Design Around The Globe: 5 Modern Homes In Boston
Boston is a city that embraces the past and future: Victorian-era townhouses line many of its streets even as buildings by Frank Gehry’s and Alvar Aalto stand at M.I.T. These Beantown homes and renovations were designed with a similarly inventive spirit.
This striated addition to a brick neo-Georgian Boston home emphasizes engagement with the outdoors. The uniform mahogany “fins” that line the otherwise glass walls create a series of framed vignettes. Photo by John Horner
When photographer Kent Dayton acquired a completely gutted 1,500 foot downtown loft he sought to consolidate his life and work without sacrificing livability. Despite its urban location, the space reminded architect Michael Grant of Frank Lloyd Wright’s exclusively remote Usonian homes, largely because of its compact, L-shaped layout. Grant also emulated Wright’s unique storage arrangements, fashioning a photo studio that doubles as a guest bedroom. Photo by Kent Dayton
Oriented to capture views of the Boston skyline, this Cambridge home is an environmentalist’s dream, featuring photovoltaic roof panels, triple-paned insulated windows, and sliding doors that allow for fluid connection with the outdoors.

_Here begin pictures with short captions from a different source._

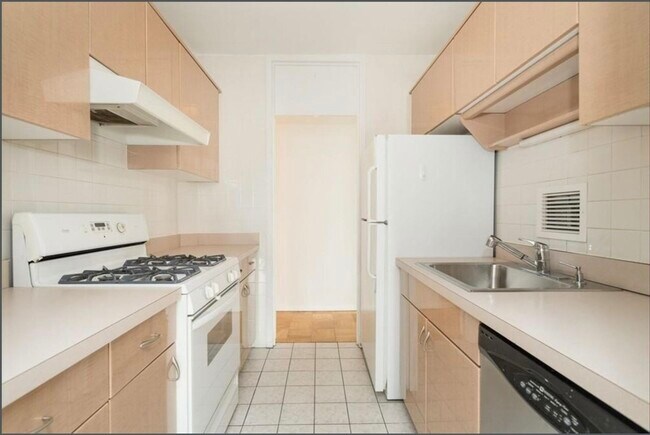 Building Photo - 65 E India Row
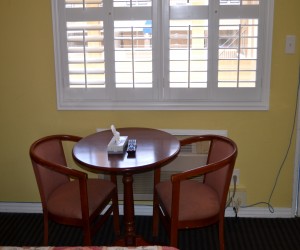 Alpha Inn & Suites San Francisco - Table and chairs in Queen Standard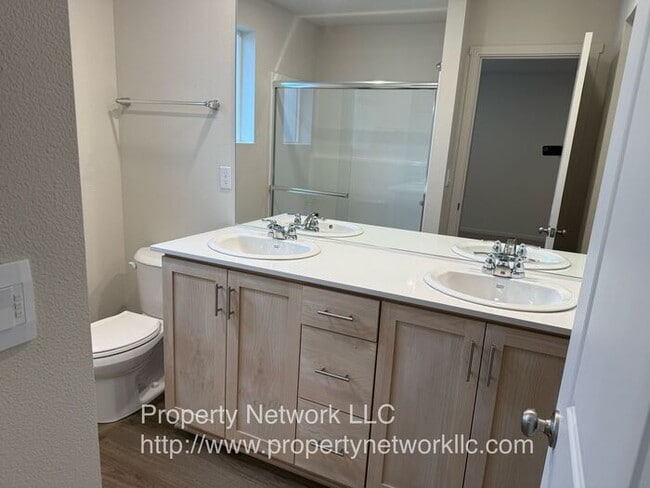 Building Photo - Great 3 Bedroom Gresham Townhouse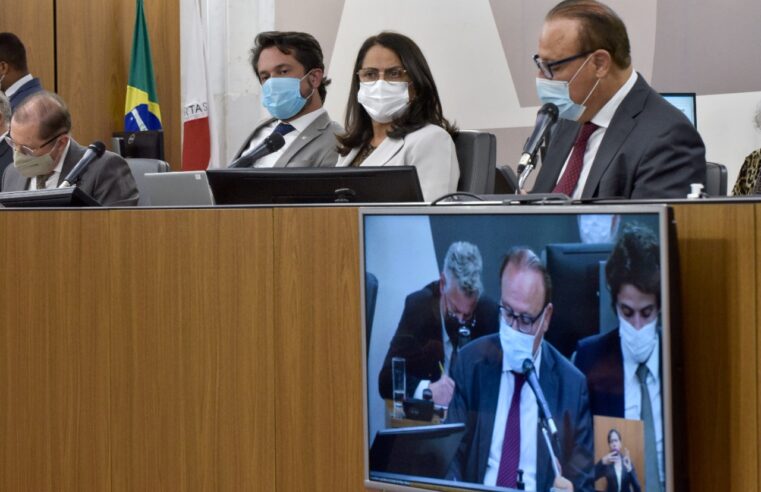 Gil Pereira ressalta avanços e cobra construção de subestações de energia solar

When Lyle Bradley purchased a skinny, 800-square-foot home in East Boston, he wanted to transform the space in a contemporary manner that would complement the historic character of the neighborhood. To maximize space, he moved the staircase from the center of the building to the side wall and added a new skylight that would immerse the space in natural light. At the top of the steps, Bradley built an angled half wall meant to evoke the neighborhood’s shipbuilding past. Photo by Christopher Churchill
Upon moving into a traditional Boston brownstone, architectural designer Chris Greenawalt decided he didn’t like the cramped feel of the kitchen. His sleek redesign, which bleeds into the accompanying living room and features a freezer hidden beneath a panel in the island, makes the space feel much roomier than it did before.